→ **What to produce**:
Find the line with "Phra That Sawi ist" in the records below. Copy it and every line after it, up to and including the line with "LV-Q94523 black agate".

→ **Records provided**:

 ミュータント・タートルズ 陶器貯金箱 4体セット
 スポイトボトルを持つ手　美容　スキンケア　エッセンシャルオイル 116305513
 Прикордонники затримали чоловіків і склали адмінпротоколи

--

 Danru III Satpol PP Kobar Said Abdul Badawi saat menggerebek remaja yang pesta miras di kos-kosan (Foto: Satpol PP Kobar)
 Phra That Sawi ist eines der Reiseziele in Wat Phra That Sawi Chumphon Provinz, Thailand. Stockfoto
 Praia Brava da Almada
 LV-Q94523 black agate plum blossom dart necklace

* * *

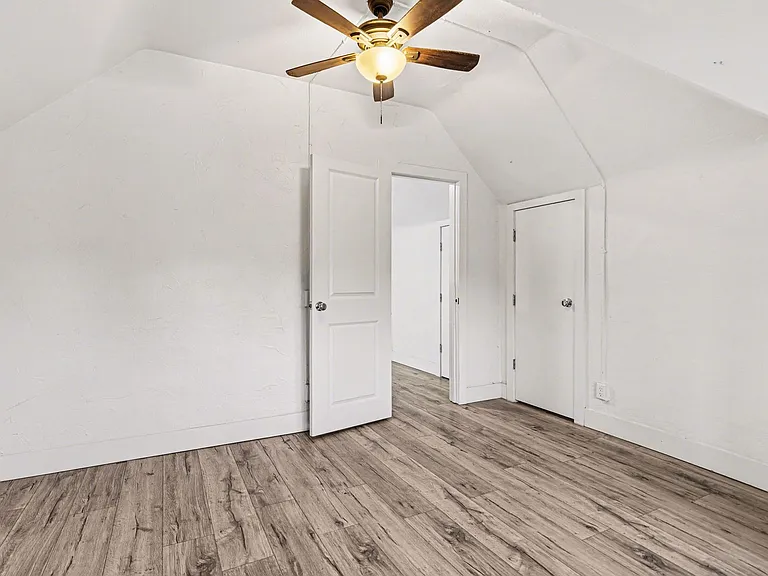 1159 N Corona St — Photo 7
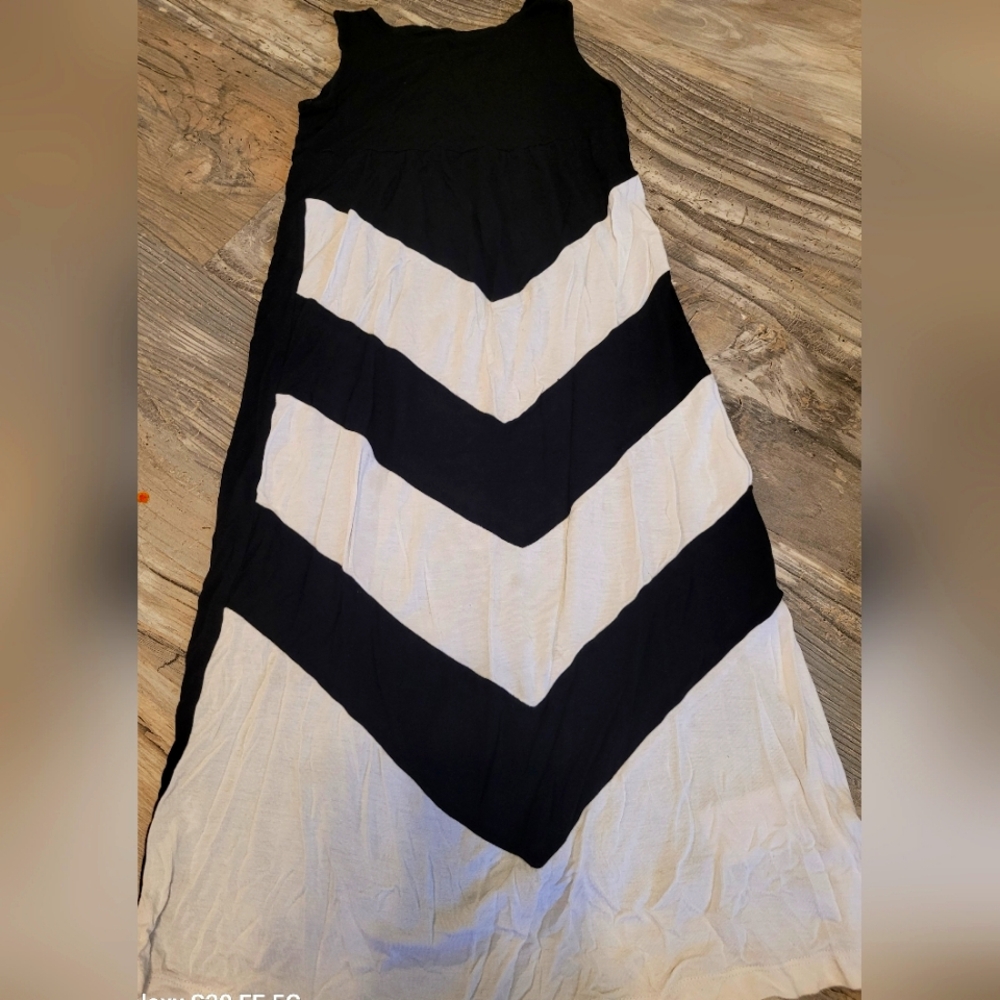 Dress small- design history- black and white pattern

→ **Solution to this problem**:
 Phra That Sawi ist eines der Reiseziele in Wat Phra That Sawi Chumphon Provinz, Thailand. Stockfoto
 Praia Brava da Almada
 LV-Q94523 black agate plum blossom dart necklace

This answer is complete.